Your instructions >> Retype, without any change, the line that contains "ATON/ SUVIN60/2 OVERSIZED L/S TEE 6704223049" and every line that follows it to the end of the entries, and nothing else.

_ _ _ _ _ _ _

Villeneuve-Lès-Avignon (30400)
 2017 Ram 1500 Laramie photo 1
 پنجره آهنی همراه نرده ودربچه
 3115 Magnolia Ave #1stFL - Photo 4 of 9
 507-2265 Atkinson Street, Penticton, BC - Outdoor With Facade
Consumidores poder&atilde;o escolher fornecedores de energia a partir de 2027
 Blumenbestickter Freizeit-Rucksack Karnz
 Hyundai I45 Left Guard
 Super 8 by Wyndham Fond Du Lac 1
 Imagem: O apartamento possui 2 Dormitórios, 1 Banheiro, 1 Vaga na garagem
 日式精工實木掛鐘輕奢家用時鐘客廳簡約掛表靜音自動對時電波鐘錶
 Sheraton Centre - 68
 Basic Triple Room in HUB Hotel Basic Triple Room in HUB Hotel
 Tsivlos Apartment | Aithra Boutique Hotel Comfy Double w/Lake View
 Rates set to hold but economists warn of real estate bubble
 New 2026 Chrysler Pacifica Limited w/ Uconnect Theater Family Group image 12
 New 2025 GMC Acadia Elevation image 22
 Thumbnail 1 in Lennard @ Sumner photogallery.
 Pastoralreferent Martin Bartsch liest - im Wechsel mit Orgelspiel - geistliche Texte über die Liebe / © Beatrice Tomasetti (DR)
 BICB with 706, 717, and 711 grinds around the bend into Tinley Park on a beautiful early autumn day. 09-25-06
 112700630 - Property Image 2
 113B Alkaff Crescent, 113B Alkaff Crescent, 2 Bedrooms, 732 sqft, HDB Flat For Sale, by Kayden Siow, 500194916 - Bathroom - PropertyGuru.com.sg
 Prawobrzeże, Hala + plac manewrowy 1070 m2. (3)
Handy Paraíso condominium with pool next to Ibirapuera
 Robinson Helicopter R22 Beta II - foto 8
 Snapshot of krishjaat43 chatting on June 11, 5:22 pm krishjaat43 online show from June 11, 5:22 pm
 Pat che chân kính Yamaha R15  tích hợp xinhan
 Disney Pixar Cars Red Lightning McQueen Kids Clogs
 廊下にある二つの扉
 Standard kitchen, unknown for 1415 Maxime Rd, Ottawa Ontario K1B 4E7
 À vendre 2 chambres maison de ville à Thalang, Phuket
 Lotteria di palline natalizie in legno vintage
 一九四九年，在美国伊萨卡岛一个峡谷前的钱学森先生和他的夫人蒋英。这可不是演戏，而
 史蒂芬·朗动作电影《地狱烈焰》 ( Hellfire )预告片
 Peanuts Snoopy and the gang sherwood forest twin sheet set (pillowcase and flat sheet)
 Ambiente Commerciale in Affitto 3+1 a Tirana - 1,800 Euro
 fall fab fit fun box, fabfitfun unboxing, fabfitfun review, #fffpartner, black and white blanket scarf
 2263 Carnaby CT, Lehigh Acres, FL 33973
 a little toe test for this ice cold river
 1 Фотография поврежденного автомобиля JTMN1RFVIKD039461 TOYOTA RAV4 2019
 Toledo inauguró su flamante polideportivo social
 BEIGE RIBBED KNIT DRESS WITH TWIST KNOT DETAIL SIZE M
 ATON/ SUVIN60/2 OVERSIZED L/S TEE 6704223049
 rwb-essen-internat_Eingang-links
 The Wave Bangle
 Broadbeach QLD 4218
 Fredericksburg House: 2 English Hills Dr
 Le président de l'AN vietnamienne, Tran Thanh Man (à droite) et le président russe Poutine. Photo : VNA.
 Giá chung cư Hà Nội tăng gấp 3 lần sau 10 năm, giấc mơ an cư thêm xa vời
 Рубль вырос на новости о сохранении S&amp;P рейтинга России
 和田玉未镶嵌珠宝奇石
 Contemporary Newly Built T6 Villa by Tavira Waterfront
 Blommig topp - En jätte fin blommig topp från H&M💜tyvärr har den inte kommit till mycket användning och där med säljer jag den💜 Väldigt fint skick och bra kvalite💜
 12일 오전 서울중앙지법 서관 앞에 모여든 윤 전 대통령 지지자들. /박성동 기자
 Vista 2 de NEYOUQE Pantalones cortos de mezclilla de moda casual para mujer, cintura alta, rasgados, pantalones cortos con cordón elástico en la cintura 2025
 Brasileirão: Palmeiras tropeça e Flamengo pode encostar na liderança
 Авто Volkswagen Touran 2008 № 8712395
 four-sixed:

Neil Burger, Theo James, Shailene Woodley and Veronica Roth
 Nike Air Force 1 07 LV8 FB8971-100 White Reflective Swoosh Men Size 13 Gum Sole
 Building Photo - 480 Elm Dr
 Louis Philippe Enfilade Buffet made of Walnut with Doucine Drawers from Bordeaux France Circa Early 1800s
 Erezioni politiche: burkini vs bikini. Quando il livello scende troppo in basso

_ _ _ _ _ _ _

Exercise result >>
 ATON/ SUVIN60/2 OVERSIZED L/S TEE 6704223049
 rwb-essen-internat_Eingang-links
 The Wave Bangle
 Broadbeach QLD 4218
 Fredericksburg House: 2 English Hills Dr
 Le président de l'AN vietnamienne, Tran Thanh Man (à droite) et le président russe Poutine. Photo : VNA.
 Giá chung cư Hà Nội tăng gấp 3 lần sau 10 năm, giấc mơ an cư thêm xa vời
 Рубль вырос на новости о сохранении S&amp;P рейтинга России
 和田玉未镶嵌珠宝奇石
 Contemporary Newly Built T6 Villa by Tavira Waterfront
 Blommig topp - En jätte fin blommig topp från H&M💜tyvärr har den inte kommit till mycket användning och där med säljer jag den💜 Väldigt fint skick och bra kvalite💜
 12일 오전 서울중앙지법 서관 앞에 모여든 윤 전 대통령 지지자들. /박성동 기자
 Vista 2 de NEYOUQE Pantalones cortos de mezclilla de moda casual para mujer, cintura alta, rasgados, pantalones cortos con cordón elástico en la cintura 2025
 Brasileirão: Palmeiras tropeça e Flamengo pode encostar na liderança
 Авто Volkswagen Touran 2008 № 8712395
 four-sixed:

Neil Burger, Theo James, Shailene Woodley and Veronica Roth
 Nike Air Force 1 07 LV8 FB8971-100 White Reflective Swoosh Men Size 13 Gum Sole
 Building Photo - 480 Elm Dr
 Louis Philippe Enfilade Buffet made of Walnut with Doucine Drawers from Bordeaux France Circa Early 1800s
 Erezioni politiche: burkini vs bikini. Quando il livello scende troppo in basso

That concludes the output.